Mauchly's sphericity test or Mauchly's W is a statistical test used to validate a repeated measures analysis of variance (ANOVA). It was developed in 1940 by John Mauchly.
Sphericity
Sphericity is an important assumption of a repeated-measures ANOVA. It is the condition of equal variances among the differences between all possible pairs of within-subject conditions (i.e., levels of the independent variable).

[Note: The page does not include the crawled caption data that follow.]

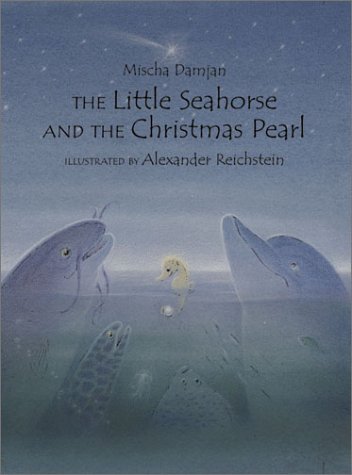 cover image THE LITTLE SEAHORSE AND THE CHRISTMAS PEARL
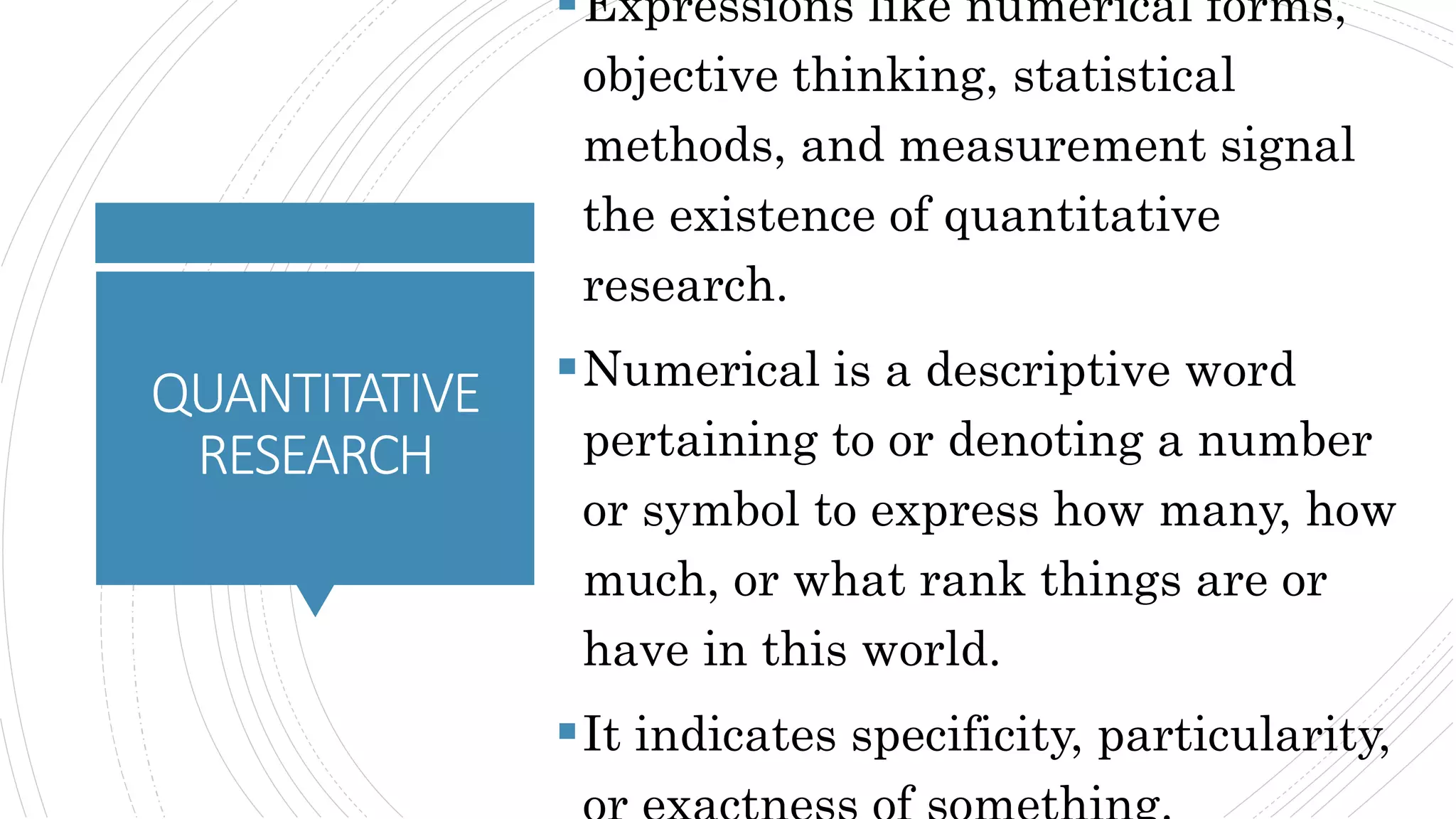 QUANTITATIVE
RESEARCH
Expressions like numerical forms,
objective thinking, statistical
methods, and measurement signal
the existence of quantitative
research.
Numerical is a descriptive word
pertaining to or denoting a number
or symbol to express how many, how
much, or what rank things are or
have in this world.
It indicates specificity, particularity,
 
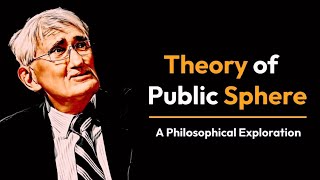 Jürgen Habermas Public Sphere Theory [upl. by Obeng]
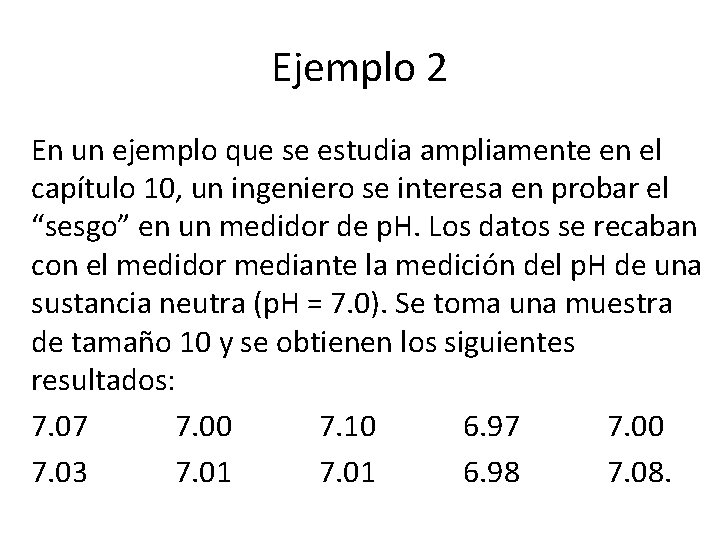 Ejemplo 2 En un ejemplo que se estudia ampliamente en el capítulo 10, un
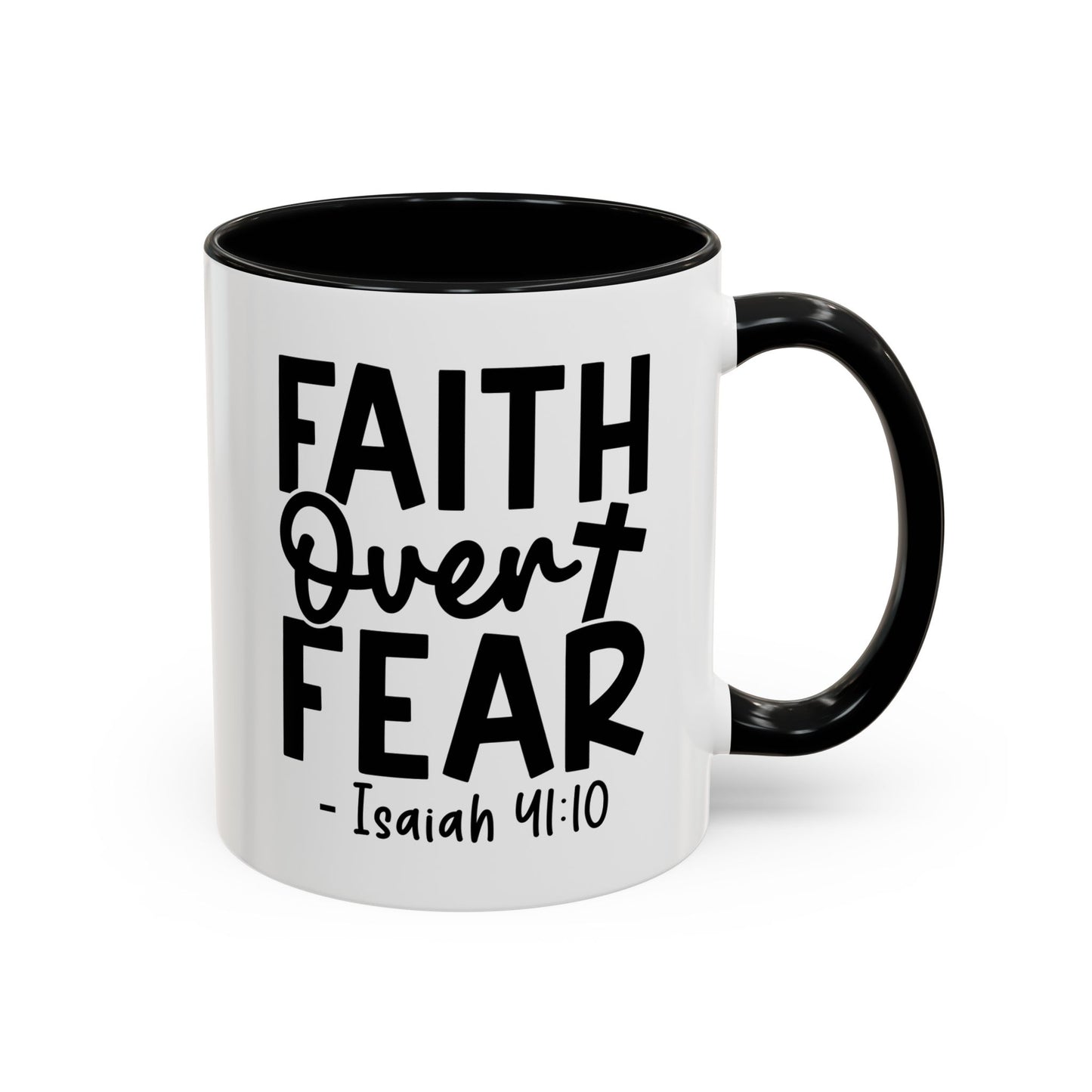 Faith Over Fear Isaiah Coffee Mug (11, 15oz)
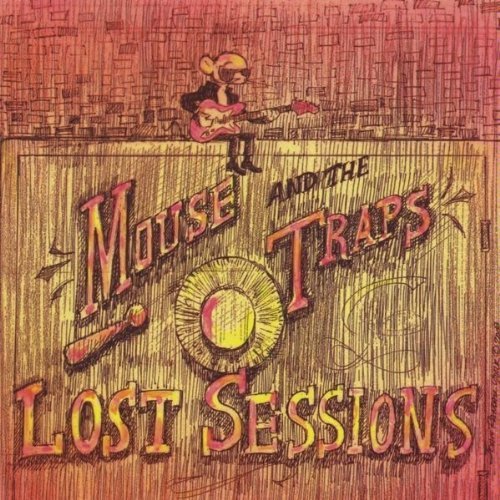 Lost Sessions - Mouse & the Traps - Musiikki - CD Baby - 0644167077521 - tiistai 21. elokuuta 2012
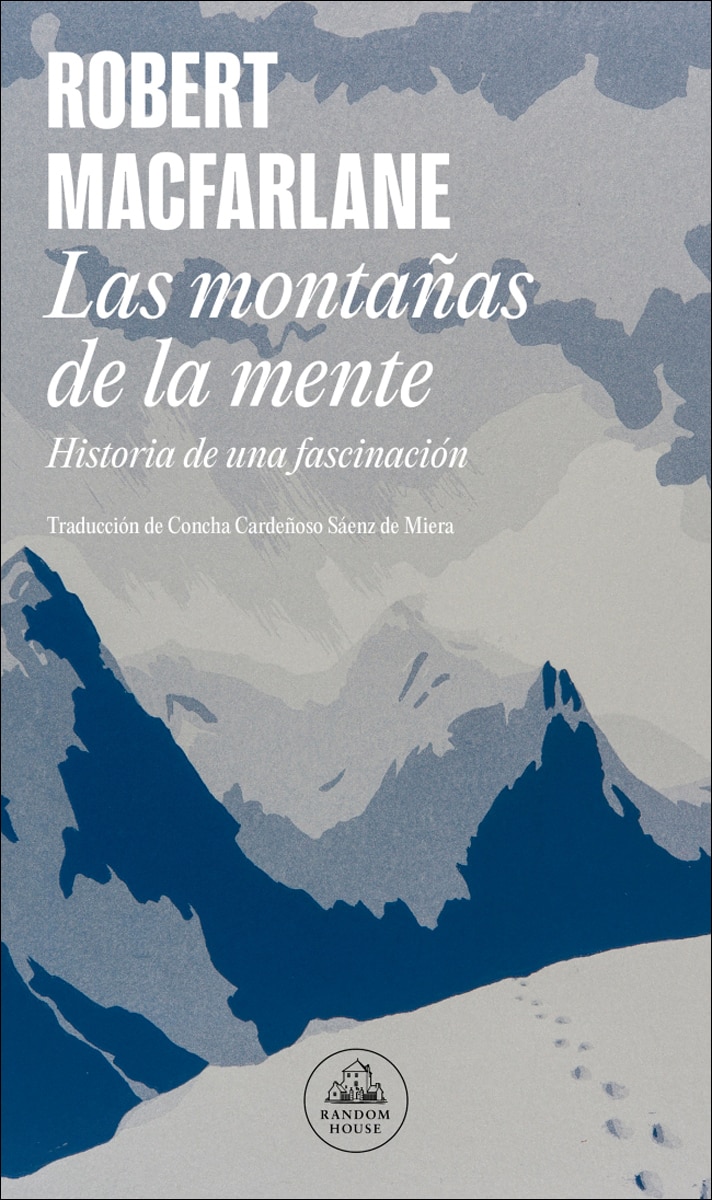 Imagen 0 de Las montañas de la mente: Historia de una fascinación (Tapa blanda)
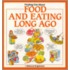 Find Out about Food and Eating Long Ago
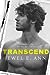 Transcend (Transcend, #1)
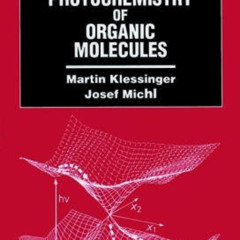 [READ] EPUB 💙 Excited States and Photochemistry of Organic Molecules by  Martin Kles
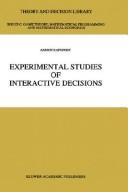 Experimental studies of interactive decisions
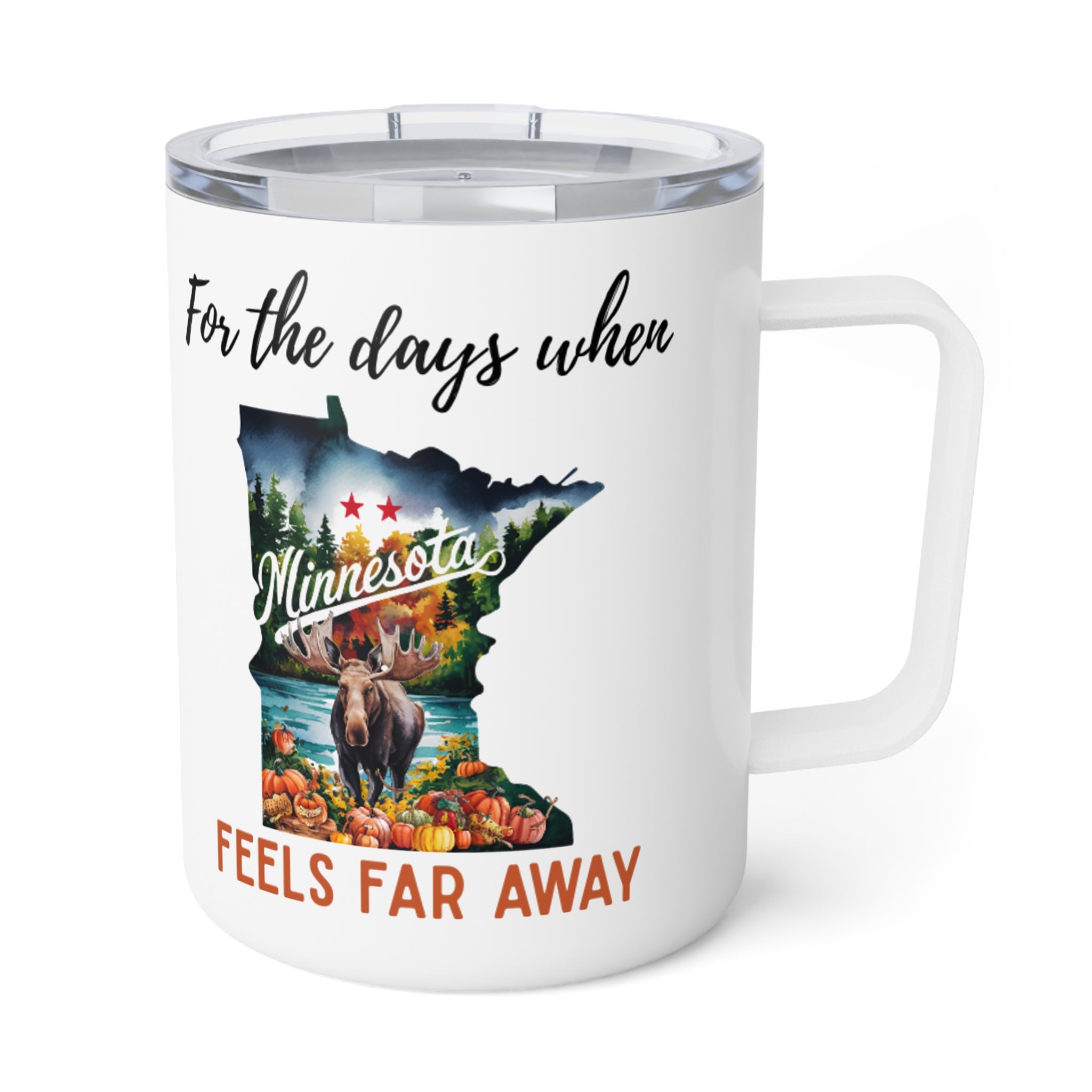 Minnesota feels far away Insulated Coffee Mug, Missing Minnesota Coffee tumbler, Homesick Mug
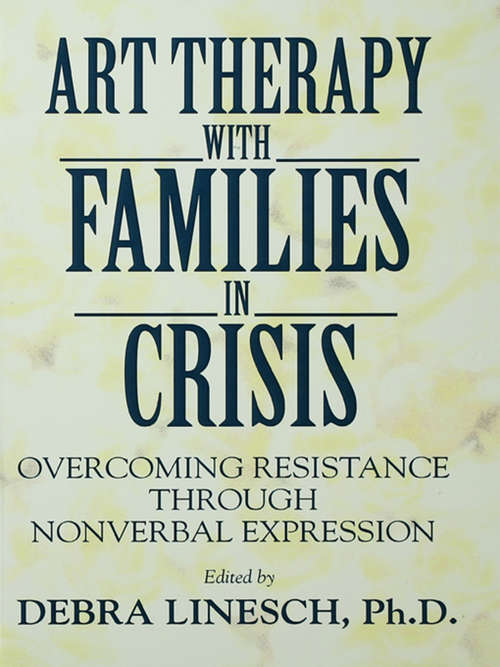 Book cover of Art Therapy With Families In Crisis: Overcoming Resistance Through Nonverbal Expression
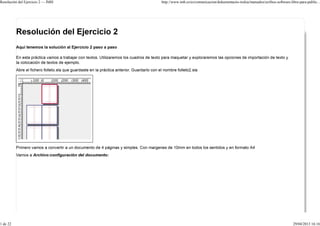Resolución del Ejercicio 2 — IMH http://www.imh.es/es/comunicacion/dokumentazio-irekia/manuales/scribus-software-libre-para-public...
1 de 22 29/04/2013 16:16
 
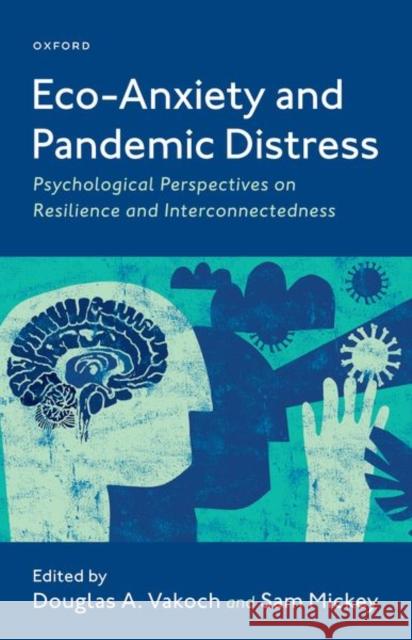 Eco-Anxiety and Pandemic Distress: Psychological Perspectives on Resilience and Interconnectedness Vakoch, Douglas 9780197622674 Oxford University Press Inc - książka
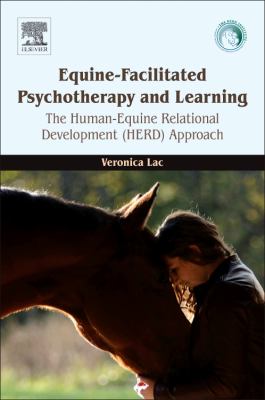 Equine-Facilitated Psychotherapy and Learning : The Human-Equine Relational Development (HERD) Approach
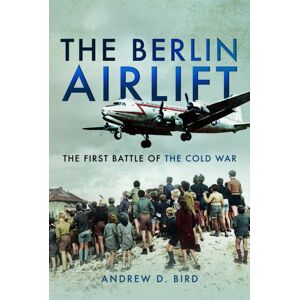 Pen & Sword Books Ltd The Berlin Airlift : The First Battle Of The Cold War Pen & Sword Books Ltd The Berlin Airlift : The First Battle Of The Cold War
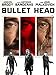 Bullet Head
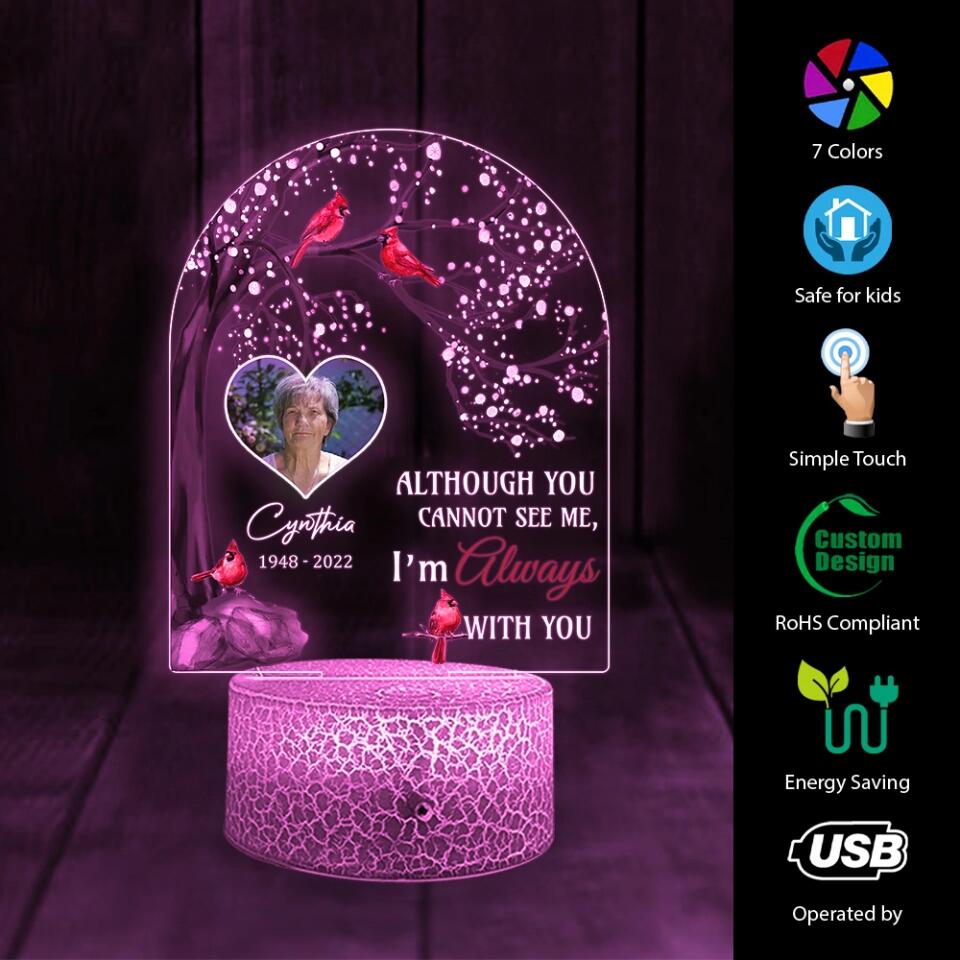 Although You Cannot See Me I'm Always With You - Personalized 3D LED Light - Memorial Gifts For Family Loss Husband Wife Parents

If sphericity is violated (i.e., if the variances of the differences between all combinations of the conditions are not equal), then the variance calculations may be distorted, which would result in an inflated F-ratio.[1] Sphericity can be evaluated when there are three or more levels of a repeated measure factor and, with each additional repeated measures factor, the risk for violating sphericity increases. If sphericity is violated, a decision must be made as to whether a univariate or multivariate analysis is selected. If a univariate method is selected, the repeated-measures ANOVA must be appropriately corrected depending on the degree to which sphericity has been violated.[2]
Measurement of sphericity
| Patient | Tx A | Tx B | Tx C | Tx A − Tx B | Tx A − Tx C | Tx B − Tx C | 
|---|---|---|---|---|---|---|
| 1 | 30 | 27 | 20 | 3 | 10 | 7 | 
| 2 | 35 | 30 | 28 | 5 | 7 | 2 | 
| 3 | 25 | 30 | 20 | −5 | 5 | 10 | 
| 4 | 15 | 15 | 12 | 0 | 3 | 3 | 
| 5 | 9 | 12 | 7 | −3 | 2 | 5 | 
| Variance: | 17 | 10.3 | 10.3 | |||
To further illustrate the concept of sphericity, consider a matrix representing data from patients who receive three different types of drug treatments in Figure 1. Their outcomes are represented on the left-hand side of the matrix, while differences between the outcomes for each treatment are represented on the right-hand side. After obtaining the difference scores for all possible pairs of groups, the variances of each group difference can be contrasted. From the example in Figure 1, the variance of the differences between Treatment A and B (17) appear to be much greater than the variance of the differences between Treatment A and C (10.3) and between Treatment B and C (10.3). This suggests that the data may violate the assumption of sphericity. To determine whether statistically significant differences exist between the variances of the differences, Mauchly's test of sphericity can be performed.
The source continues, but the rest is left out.